§ **Dataset records**
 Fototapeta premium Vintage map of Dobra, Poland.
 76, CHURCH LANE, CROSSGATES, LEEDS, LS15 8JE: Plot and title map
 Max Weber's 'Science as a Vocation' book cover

---

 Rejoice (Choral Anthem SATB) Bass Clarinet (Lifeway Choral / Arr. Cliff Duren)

§ **Brief**
Within the data above, the span starting at the line containing "Fototapeta premium Vintage" and ending at the line containing "Max Weber's 'Science" is to be retyped exactly, with no other lines.

§ **Output for this task**
 Fototapeta premium Vintage map of Dobra, Poland.
 76, CHURCH LANE, CROSSGATES, LEEDS, LS15 8JE: Plot and title map
 Max Weber's 'Science as a Vocation' book cover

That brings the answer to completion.